SAS Proc Tabulate: Order Class Variable

The following block of code provides a cross-tabulation by student’s home faculty and responsible faculty who students took course from.  The special treatment in the code is the two class statements used for setting order for the home faculty class variable based on format of the home faculty.  The second class statement where the responsible class variable is defined doesn’t have the “/order” option, therefore the order for responsible variable will be based on internal value.

proc tabulate data=count;
class home /order= formatted ;
class responsible;
var ffte;
table (home="Home Faculty" all), (responsible="Responsible Faculty" all)*(count="")*(sum="");
run;

SAS: Proc Tabulate and Percentage Statistics

The following proc tabulate procedure will generate at a report on sum of undergraduate teaching and graduate teaching and FTE for each Faculty by departments (row header) and by year (column header).

proc tabulate data=data;
class year faculty dept;
var undergrad_load graduate_load fte;
table faculty, (dept all), year*(undergrad_load="UG" graduate_load="GR" fte)*(sum="");
run;

Data table contains grade, program, and incoming year of students. “Total” variable equals to 1 if the student has a grade; “ge75” is 1 if the grade is great than and equal to 75; and “ge80” is 1 if the grade is great than and equal to 80.
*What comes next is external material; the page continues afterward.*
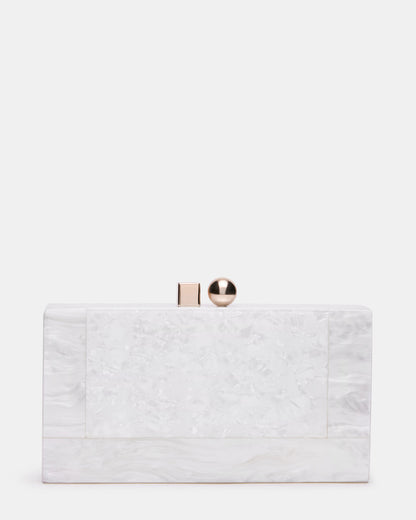 CAMILAA Bag White Geometric Pearlescent Minaudiere Crossbody Clutch Handbag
The following proc tabulate procedure gives a summary table of total number of counts of students with grade, students with grade great than and equal to 75 and 80.

proc tabulate missing f=6. noseps data=data;
class program progname category year level2;
var total ge75 ge80;
tables category,program*progname*level2,year*(total ge75 ge80) / rts=40 indent=3;
run;

PERCENTAGE STATISTICS

  • reppctn: report percentage (all rows and all columns add up to 100)
  • colpctn: column percentage (every column adds up to 100)
  • rowpctn: row percentage (every row adds up to 100)
  • A*pctsum: construct a custom denomination, both A and B are analysis variables, and B as in the is the denominator for calculating the percentage.

The following tabulate procedure calculates the percentage of greater and equal to 75 and 80. The outomatic SAS naming with ‘1111111’ of the percentage output reflects the number of class variables in the procedure.

proc tabulate missing f=6. noseps data=data out=dataout (drop=_type_ _table_ _page_ rename=(ge75_pctsum_1111111=ge75 ge80_pctsum_1111111=ge80));
class level1 faculty program progname category level2 year;
var total ge75 ge80;
tables category*level1*faculty*program*progname*level2*year, ge75*pctsum='ge75%'*f=8.2 ge80*pctsum='ge80%'*f=8.2 / rts=40 indent=3;
run;

Examples: with multiple class variables in row expression

  • Reppctn/Reppctsum
proc tabulate data = table1 ;
class Agegroup gender acadyear;
var heads ;
table agegroup="Age Group" all gender="Gender" all ,
(acadyear="" all)*(heads="Heads"*SUM="" heads="% Total"*reppctsum="" );
run;
  • Colpctn/Colpctsum — best for % sum for multiple class variables
proc tabulate data = table1 ;
class Agegroup gender acadyear;
var heads ;
table agegroup="Age Group" all gender="Gender" all ,
(acadyear="" all)*(heads="Heads"*SUM="" heads="% Total"*colpctsum="" );
run;
  • Rowpctn/Rowpctsum
proc tabulate data = table1 ;
class Agegroup gender acadyear;
var heads ;
table agegroup="Age Group" all gender="Gender" all ,
(acadyear="" all)*(heads="Heads"*SUM="" heads="% Total"*rowpctsum="" );
run;
  • pctsum – not working for the All column
proc tabulate data = table1 ;
class Agegroup gender acadyear;
var heads ;
table agegroup="Age Group" all gender="Gender" all ,
(acadyear="" all="All Year" )*(heads="Heads"*SUM="" heads="% Total"*pctsum < agegroup all gender all > ="" );
run;

Show % sign in the table

Reference: http://support.sas.com/kb/38/001.htmlhttp://support.sas.com/kb/38/001.html

proc format;                           
   picture fmtpct (round) low-high='009.99%';   
run;
/* use: f=fmtpct. */